● **INSTRUCTIONS FOR THE TASK**: Starting at the first line of the data and ending at the line with "ICE executes federal", copy each line exactly. Include both of those lines, but no pictures.

Start of Block

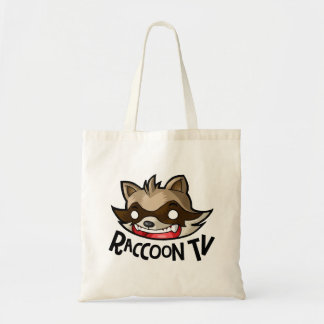 Racoon TV Budget Tote Bag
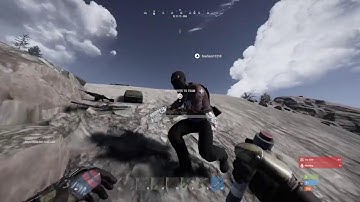 Practicing recoil control (Rust Console)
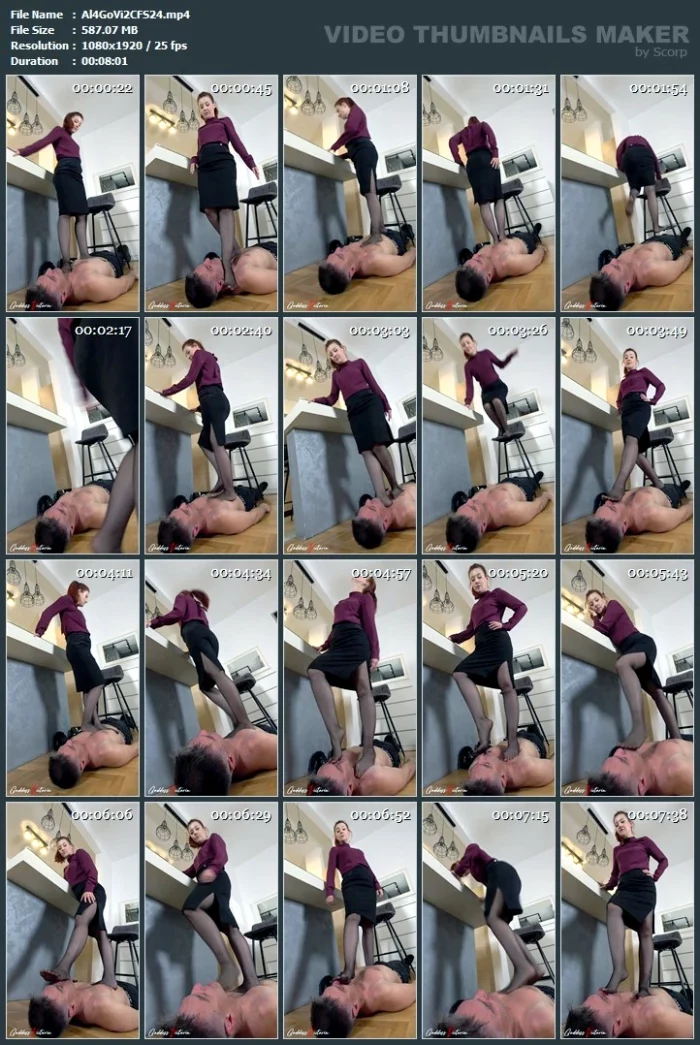 I Just Love Trampling You In My Sweaty Nylon Stockings Before Trampling Part 2 - ALL4 GODDESS VICTORIA - MP4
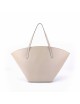 Borsa a Spalla Pulse in Pelle Nude Media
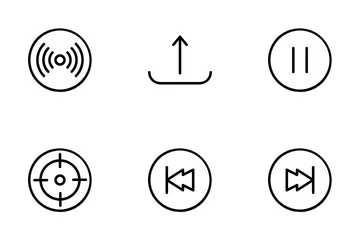 Interface mobile Pack d'Icônes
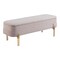 Homeroots 47in Beige and Gold Fabric Upholstered Bench 668853 - alternate 2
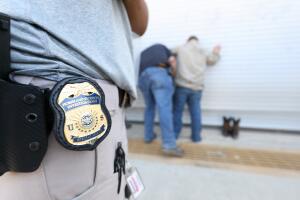 ICE executes federal criminal search warrants in North Texas.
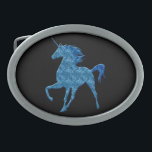 Blue Fire Unicorn Belt Buckle<br><div class="desc">A cool belt buckle is one of the most versatile fashion items out there, and brings a little magic to any outfit new or old. Belts are an easy way to freshen up a dull look, and can be your special added touch that makes your style uniquely yours. Express yourself...</div>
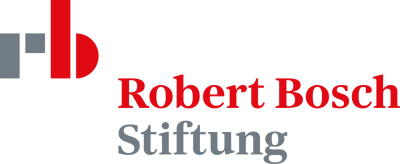 Das Bild zeigt das Logo des Worldlab Kooperationspartners Robert-Bosch-Stiftung mit Schriftzug daneben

End of Block

● **EXERCISE RESULT**:
 Racoon TV Budget Tote Bag
 Practicing recoil control (Rust Console)
 I Just Love Trampling You In My Sweaty Nylon Stockings Before Trampling Part 2 - ALL4 GODDESS VICTORIA - MP4
 Borsa a Spalla Pulse in Pelle Nude Media
 Interface mobile Pack d'Icônes
 Homeroots 47in Beige and Gold Fabric Upholstered Bench 668853 - alternate 2
 ICE executes federal criminal search warrants in North Texas.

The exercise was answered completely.